When it comes to bearish market flow red flags, aggressive selling of stock by corporate insiders is traditionally viewed as the biggest red flag - after all nobody knows the prospects for their companies better than the people who run them - followed closely by companies selling stock. The logic is simple: why sell today if you believe you may get a better price tomorrow.The answer is simple: you don't, and instead you rush to lock in gains afforded by the market today.
In which case, it's "red flags galore" because as the following chart from Goldman's head of European Equity Sales, Mark Wilson, shows companies haven't sold this much stock in a single quarter in... well, forever.
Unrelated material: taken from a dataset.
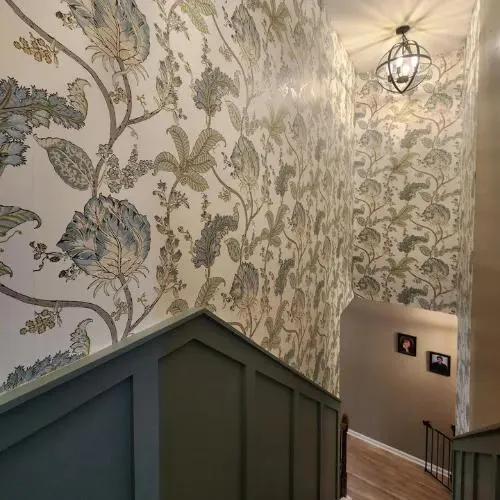 Stairwell papered in a large cream and sage leaf-and-vine print above dark green board-and-batten panels
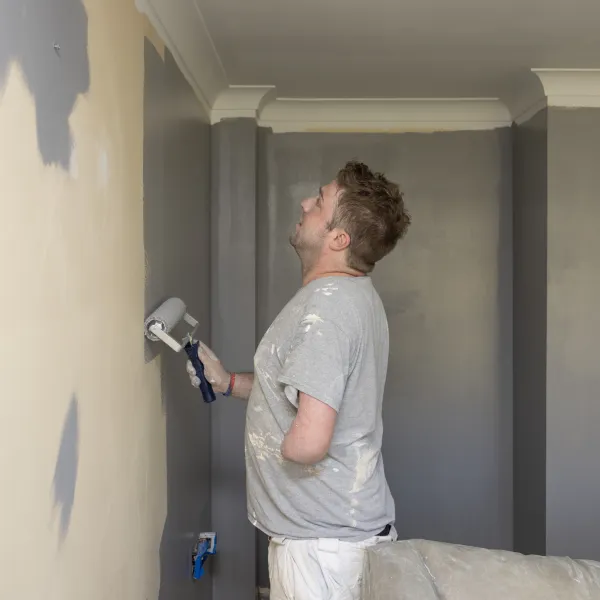 Young skilled painter, painting a domestic living room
According to Bloomberg data, secondary offerings in the U.S. raised $113 billion in the second quarter, the most on record. The nearly 400 deals that priced this quarter is also the most ever.
As Goldman adds, "we’re about to close out another record month of global equity issuance, with June set to eclipse the recent record set in May; the numbers (>$230b of supply in 7 weeks), and the market’s ability to absorb this sizeable supply, have been impressive (the quantum of global supply vs prior peak periods shown in the 1st chart; US supply vs recent years trend shown in 2nd chart)"
Following up on this staggering pace of equity sales, Bloomberg writes that "the record-high pace of secondary offerings that took hold in the second quarter is poised to continue into the summer" as share sales by U.S.-listed firms and their top holders raised the most money and happened the most frequently of any other quarter on record.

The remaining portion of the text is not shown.